Nexco Resources Inc. (CNSX:NXU) entered into an agreement to acquire Soter Technologies LLC for $14.2 million on May 25, 2021. As part of consideration, issuance of common shares of the Company (each, a “Consideration Share”) to the Vendors at a deemed price of $0.25 per Consideration Share as follows: (i) the issuance of 18,266,200 Consideration Shares on the Closing; and (ii) the issuance of up to 38,815,675 Consideration Shares as a post-Closing performance earn-out upon the Company achieving certain business objective and revenue milestones following the closing (the “Closing”) of the Transaction.
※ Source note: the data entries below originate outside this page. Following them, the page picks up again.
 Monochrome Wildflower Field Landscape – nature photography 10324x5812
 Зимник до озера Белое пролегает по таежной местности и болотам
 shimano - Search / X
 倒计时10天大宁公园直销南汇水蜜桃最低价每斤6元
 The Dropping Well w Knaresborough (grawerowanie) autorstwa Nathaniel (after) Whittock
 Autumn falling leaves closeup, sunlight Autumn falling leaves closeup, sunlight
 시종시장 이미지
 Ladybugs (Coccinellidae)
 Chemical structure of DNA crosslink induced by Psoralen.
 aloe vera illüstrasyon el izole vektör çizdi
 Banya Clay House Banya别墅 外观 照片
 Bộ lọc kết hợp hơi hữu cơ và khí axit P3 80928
The Company has agreed to pay a finder's fee of 1,000,000 common shares in connection with the Transaction. In connection with the Closing, the Company is expected to change its name to “Soter Technologies Inc.”. As on August 25, 2021, Concurrent Financing of non-brokered private placement has completed. As of June 15, 2022, Nexco entered in to amendment agreement which includes the final tranche in the amount of US$300,000 of a bridge loan (the “Bridge Loan”) in the aggregate amount of $3.6 million will be advanced by Nexco to Soter within two business days of the date that the Company receives full access to Soter Technologies' financial records. Completion of the Transaction remains subject to, among other things: approval of the CSE; closing of the Concurrent Financing; certain senior executive personnel of the Target having entered into new executive consulting or employment agreement with the Target; the Target having no more than US$3,000,000 in liabilities at the Closing, excluding the Bridge Loan, shareholders approval and other conditions which are customary for transactions of this nature. Closing of the proposed Transaction is expected to be on or before September 30, 2021. The Closing is anticipated to be on or before November 1, 2022.

Nexco Resources Inc. (CNSX:NXU) cancled the acquisition of Soter Technologies LLC on March 20, 2023.